İsrail’in Nisan ayı başında Şam’daki İran Konsolosluğu’na düzenlediği saldırı sonrasında başlayan gerilim, İran’ın İsrail’e karşılık verme tehdidiyle devam etti. Bu durum, İran’ın İsrail’e hava saldırısı düzenlemesiyle bir kez daha alevlendi. Saldırı sonrasında Urmiye şehrinde hayat normal seyrinde devam ederken, Türkiye’nin sınır kenti Kapıköy’den gelen geçişler de sürüyor.

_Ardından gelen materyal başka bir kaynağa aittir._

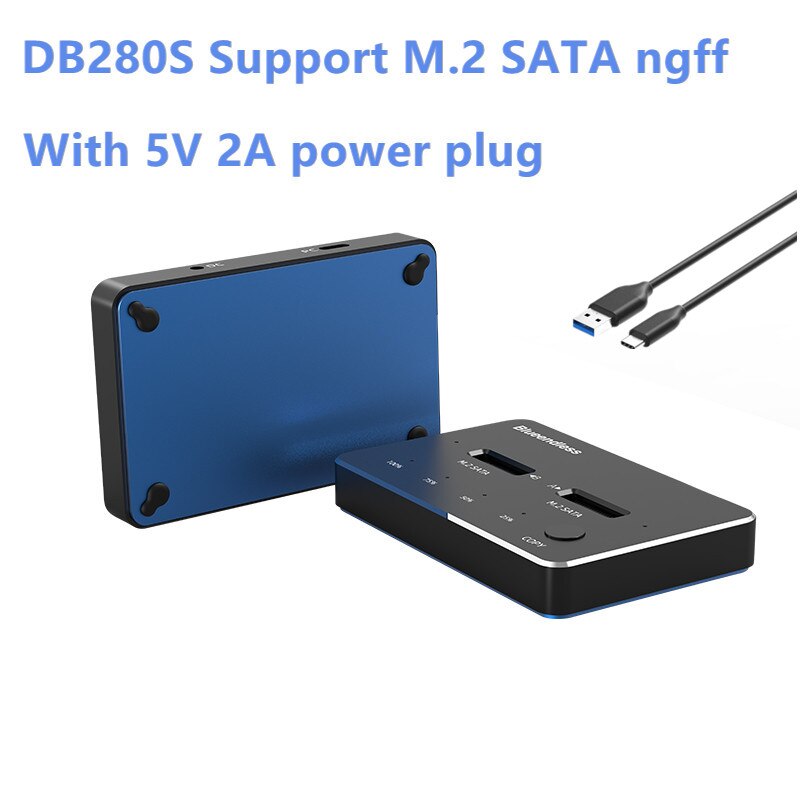 Blueendless Dual Bay Ssd Behuizing Usb C M2 Ssd Externe Case M2 Nvme/Ngff Case Ssd Hdd Ssd Docking station Usb C Clone Functie: DB280S-M.2 SATA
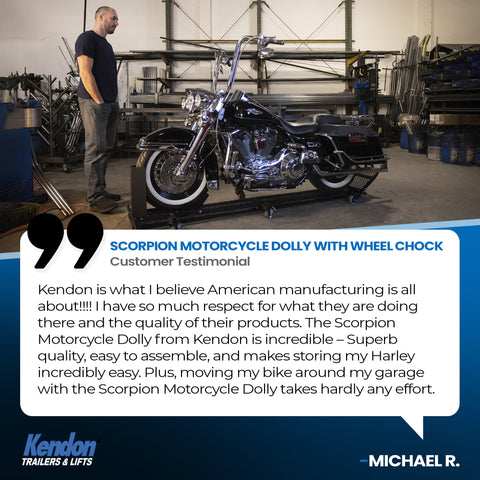 Kendon Folding Scorpion Motorcycle Dolly with Adjustable Wheel Chock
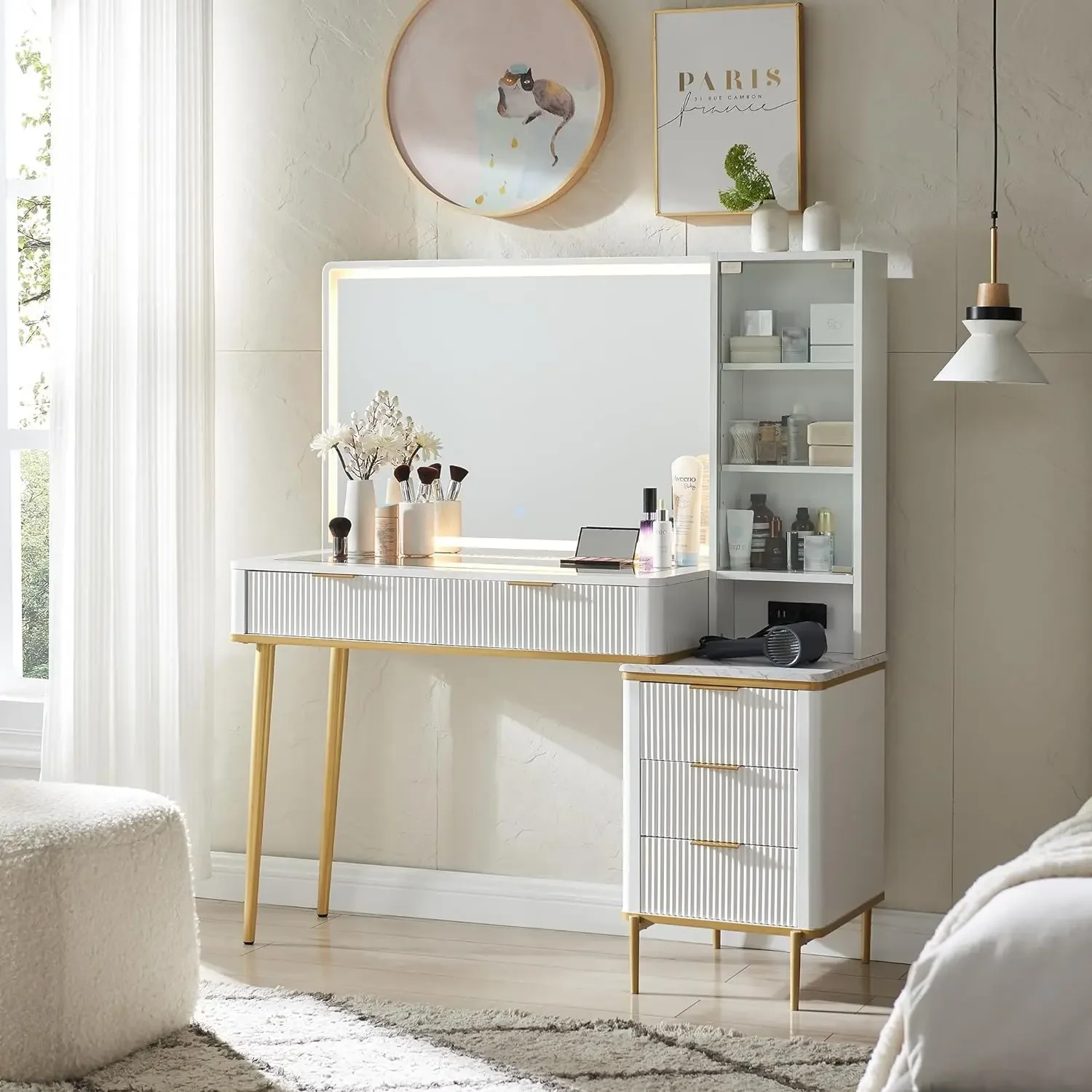 

Makeup Vanity Desk with HD Lighted Mirror, Mirror and Lights, Dressing Table with Drawers & Shelves, Glass Top for Bedroom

İranlı Muhammed Buruki, savaşın iyi bir şey olmadığını belirterek, İran halkının savaş istemediğini ve barış ve kardeşlik arzuladığını ifade etti. Güzel günler ve demokratik bir yaşam talep eden Buruki, halkların kardeşliğini vurguladı. Türkiye’den gelen Veysel Gencer ise, halkın savaş istemediğini ve gergin olduğunu söyledi. Gencer, İsrail ve Amerika gibi ülkelerin savaştan faydalandığını ve İran halkının barış istediğini ifade etti.
Yazar Abdülkerim Suruş, İsrail’in Gazze’de çocukları öldürdüğünü ve şehirleri bombaladığını belirterek, bu durumun İran’ı harekete geçirdiğini ve İslam dünyasının gücünü gösterdiğini dile getirdi. Suruş, İran’ın İsrail’i “çocuk katili rejim” olarak niteleyerek, İslam Cumhuriyeti’nin dronlarla karşılık verdiğini aktardı.

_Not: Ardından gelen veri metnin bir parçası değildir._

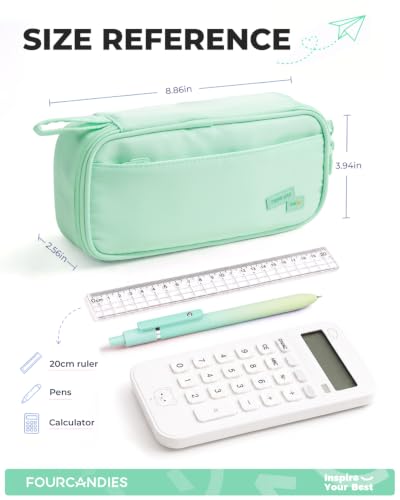 Four Candies Large Pencil Case, 5 Compartments Pen Organizer, Big Capacity Canvas Pencil Pouch Bag for School Supplies, Portable Stationery Holder for Teen Girls, Women (Peppermint Green) — view 6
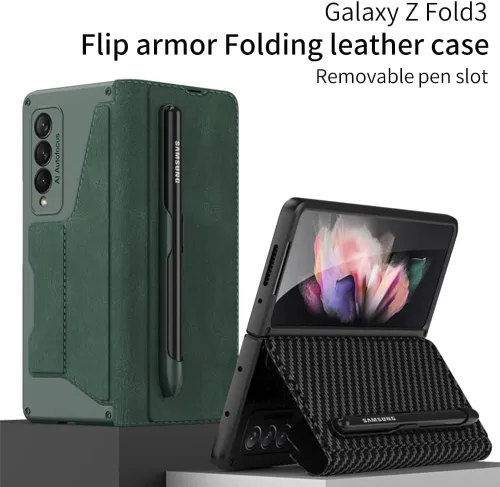 Miniatura 2 de Funda protectora de cuerpo completo para Samsung Galaxy Z Fold 3 5G con ranura para S Pen, funda protectora de cuerpo completo, antiarañazos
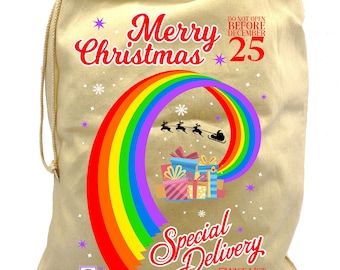 X-Large Cotton Drawcord LGBT Christmas Xmas Santa Sack Stocking Gift Bag With Fun Special Delivery LGBTQIA Rainbow Flag Gay Pride Motif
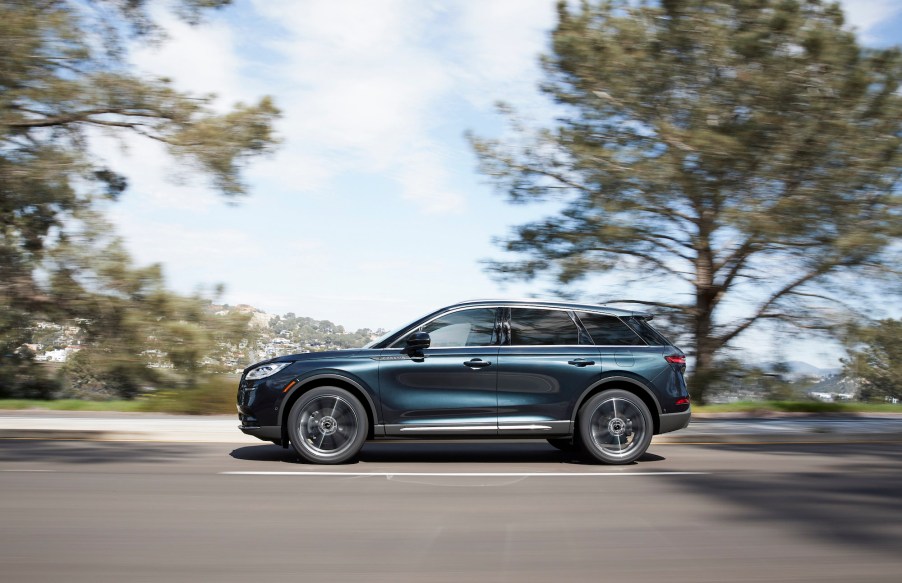 A dark-blue 2020 Lincoln Corsair luxury compact crossover SUV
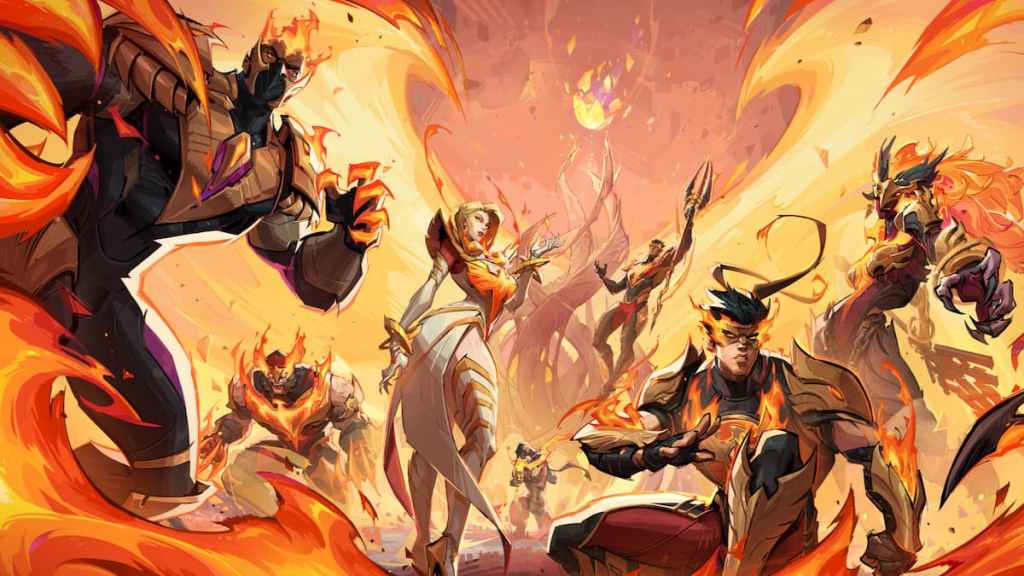 Black Panther, Wolverine, Emma Frost, Black Widow, Namor, Iron Fist, and Magik wearing fiery skins in marvel rivals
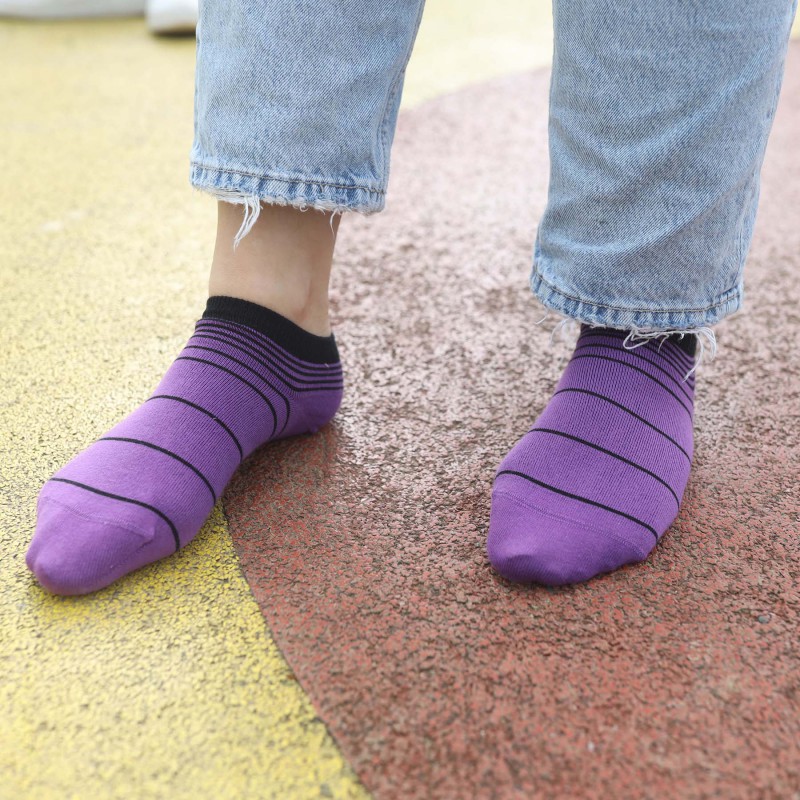 Women PEPER HAROW Retro Stripe Womens Trainer Socks - Purple £9.00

Siyasi ve askeri bir gerilim içerisinde olan bölgede, halkın da savaş istemediği ve barışı arzuladığı net bir şekilde görülüyor. İran’ın İsrail’e karşı gerçekleştirdiği hava saldırısı, bölgedeki tansiyonu daha da yükseltmiş durumda. Bu durumun bölge ülkeleri üzerinde olumsuz etkileri olabileceği düşünülüyor.
İran’ın İsrail’e yönelik hava saldırısının ardından taraflar arasındaki gerilim devam ederken, bölge halkı savaş istemediğini ve barışı savunduğunu belirtiyor. Özellikle İranlı yetkililerin ve yazarların açıklamaları, bölgedeki çatışmaların boyutunu ve halkın duygularını yansıtıyor. Savaşın getireceği yıkım ve kayıpların önlenmesi için taraflar arasında diplomatik çözümler aranması gerektiği vurgulanıyor.